Thursday, September 3, 2009

More Meetings

Today started off with the full FOCUS meeting. We went through the basics and set up when we would have our ongoing professional development meetings, and tried to figure out when to have more full staff meetings. The problem is I work in the mornings, Steve (who I share the room with) only works afternoons, and Simone, who does career guidance, only works Mondays. So we will be having weekly Monday lunch meetings with everyone, and I may get paid for an extra half an hour. The principal backed me up on not having meetings after school where I would either have to wait around for three hours or leave and come back. After lunch we discussed how we are going to run the first week of school, with orientation, team building and schedule making. Next week Monday is Labor Day, and then on Tuesday we have interviews for potential incoming students. So in effect we have one extra planning day. I still have until the 14th before I start teaching.

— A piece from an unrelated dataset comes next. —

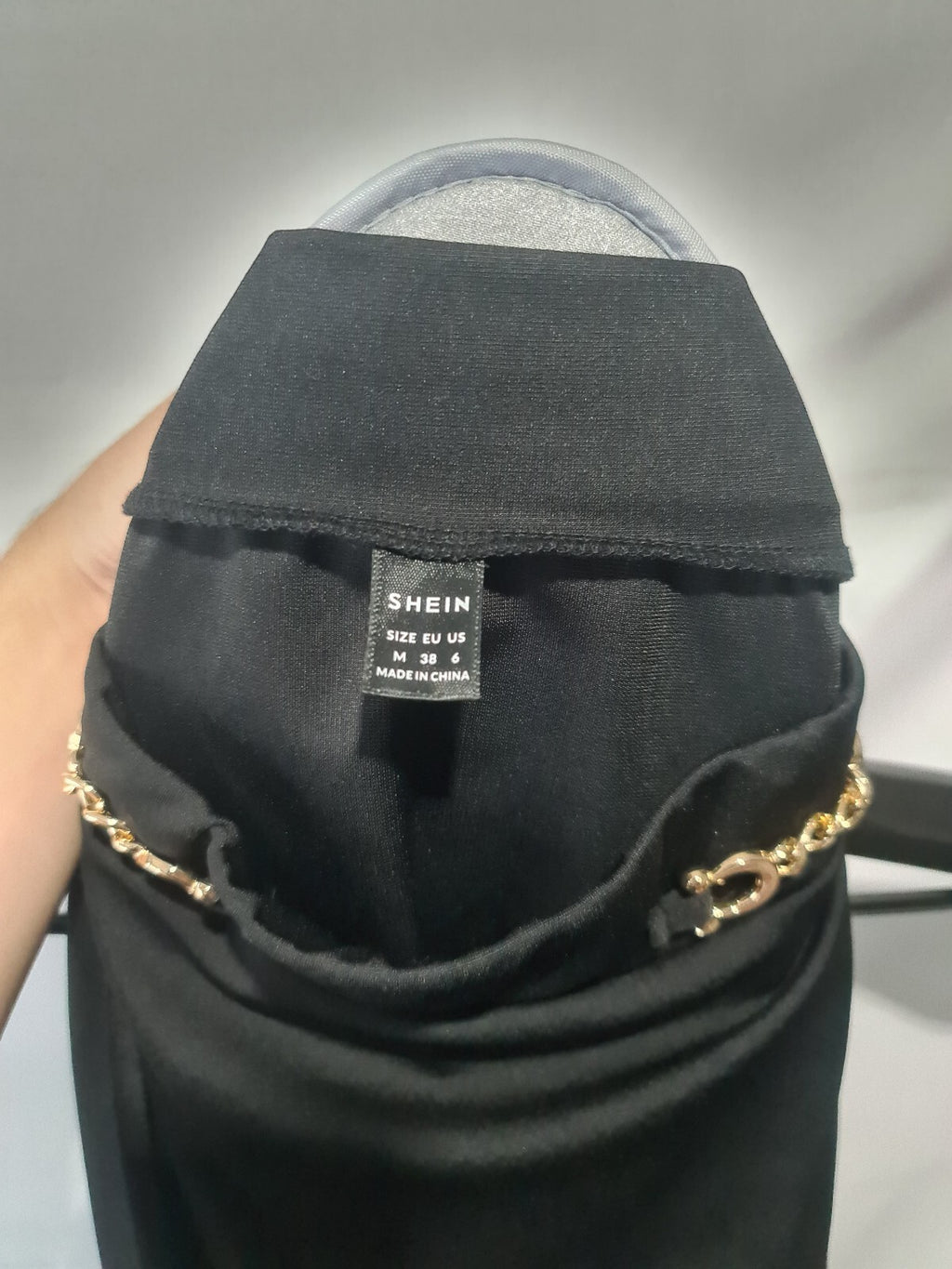 Shein black chain detail pencil skirt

I have now asked for textbooks, and hopefully I will get them. I actually have plenty of textbooks, but not the ones that the district is currently using. I am also trying to get the teacher's editions and the associated materials. The advantage of lining up my curriculum is that other math teachers at Alliance (other campuses) have done a lot of work aligning it with standards and developing learning targets. There is also a suggested pacing chart for the class. Some of the teachers do not share my desire to align the curriculum on the theory that we are an alternative school, and the students transferring in have probably already failed the district curriculum so I should do something new. Being a new teacher, I wanted to start with what is supported and work from there.

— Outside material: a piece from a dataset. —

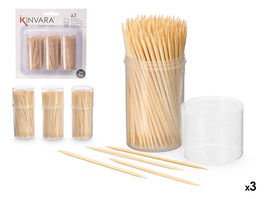 Kinvara Set 3 Palilleros Bambú y Plástico PP Amarillo/Transparente 14x14x3cm (Set de 48)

The main issue as I see it, is that the units in the texts do not always fall nicely into 18 day blocks. So I will want tests to see if students learned what I was trying to teach in the block, but these will not coincide with the end of the unit. Which will give students another opportunity to master the necessary concepts. I have also found that for the most part once a student starts taking math, they tend to stick with it until they complete their full year of credit in the class. So I will probably have a fairly consistent class, but it may sharply decrease half way if a lot of the students only need a half credit in that class.